What to produce: Output the lines of the records from the one containing "Превью обои лев, большая" through the last, both ends included. Leave pictures out.

Image-caption web data:
######

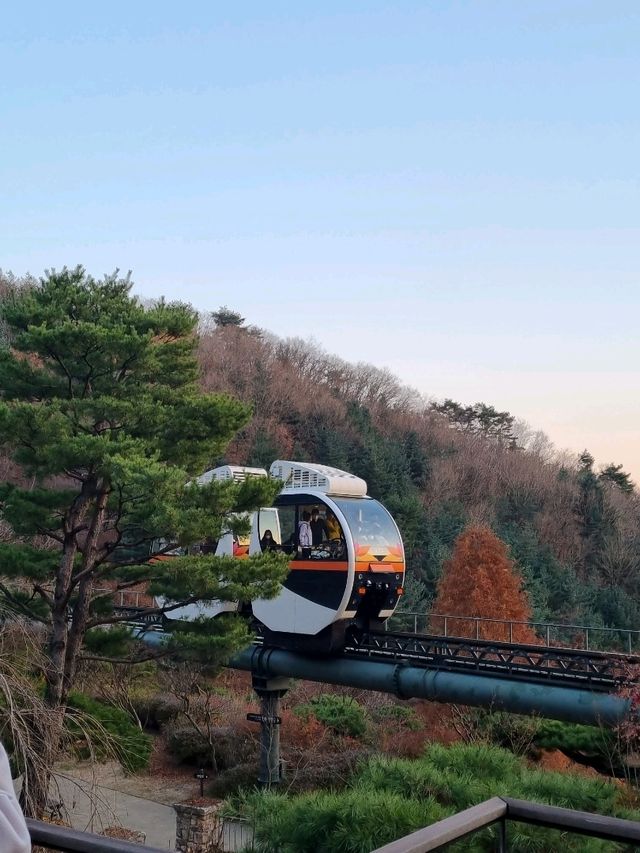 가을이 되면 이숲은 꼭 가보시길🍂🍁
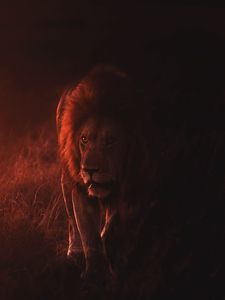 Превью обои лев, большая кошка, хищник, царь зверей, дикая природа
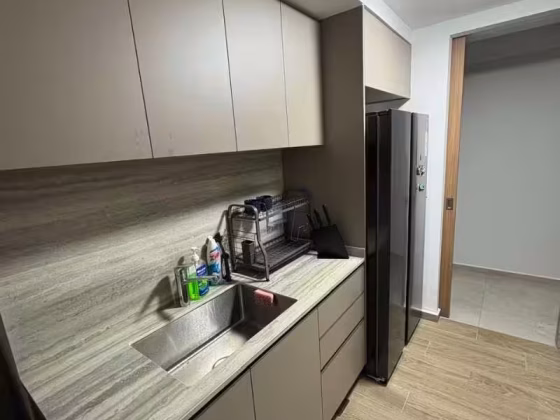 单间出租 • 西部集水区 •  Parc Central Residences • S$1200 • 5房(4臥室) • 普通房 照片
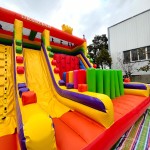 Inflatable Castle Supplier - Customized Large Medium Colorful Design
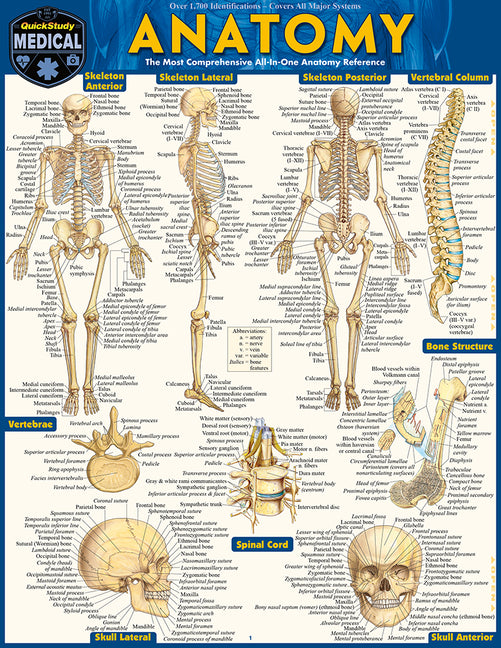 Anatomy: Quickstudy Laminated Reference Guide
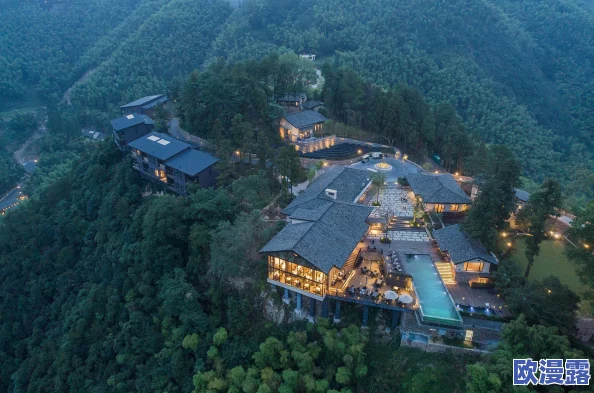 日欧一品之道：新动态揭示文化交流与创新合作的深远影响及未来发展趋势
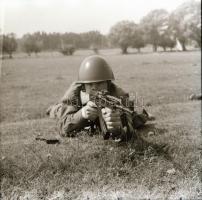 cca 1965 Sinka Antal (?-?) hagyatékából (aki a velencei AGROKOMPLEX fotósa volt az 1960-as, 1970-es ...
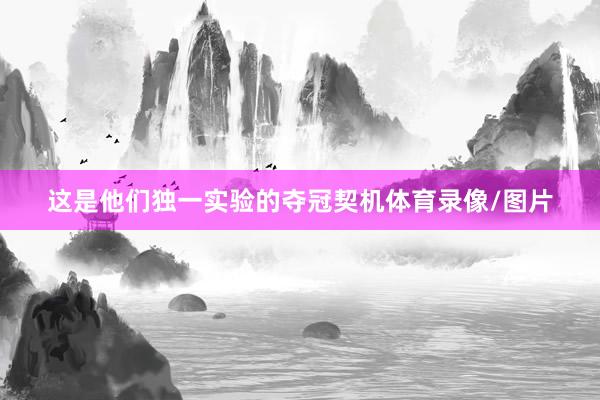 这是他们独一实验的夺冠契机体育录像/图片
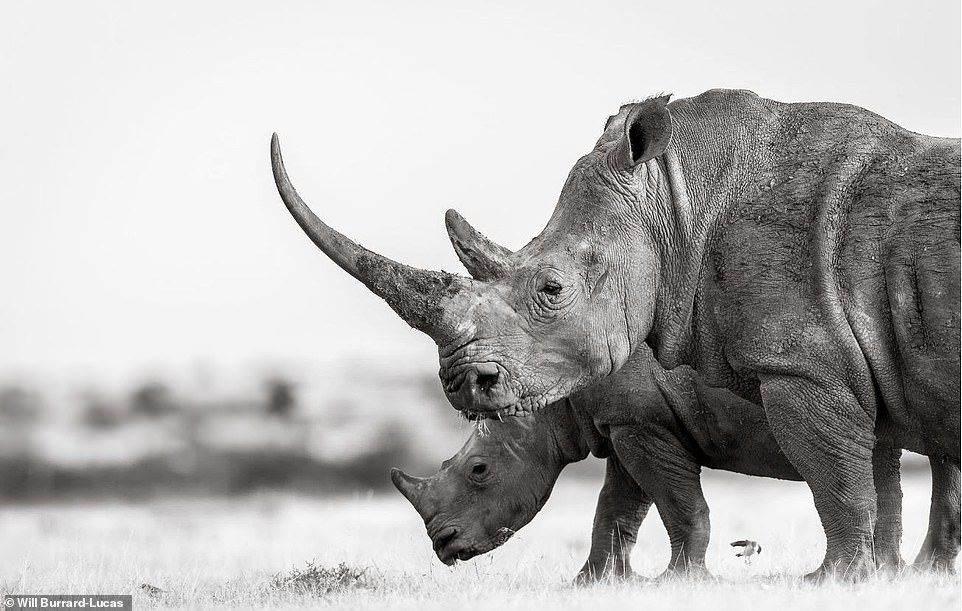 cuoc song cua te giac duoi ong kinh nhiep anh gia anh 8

######

Completed task:
 Превью обои лев, большая кошка, хищник, царь зверей, дикая природа
 单间出租 • 西部集水区 •  Parc Central Residences • S$1200 • 5房(4臥室) • 普通房 照片
 Inflatable Castle Supplier - Customized Large Medium Colorful Design
 Anatomy: Quickstudy Laminated Reference Guide
 日欧一品之道：新动态揭示文化交流与创新合作的深远影响及未来发展趋势
 cca 1965 Sinka Antal (?-?) hagyatékából (aki a velencei AGROKOMPLEX fotósa volt az 1960-as, 1970-es ...
 这是他们独一实验的夺冠契机体育录像/图片
 cuoc song cua te giac duoi ong kinh nhiep anh gia anh 8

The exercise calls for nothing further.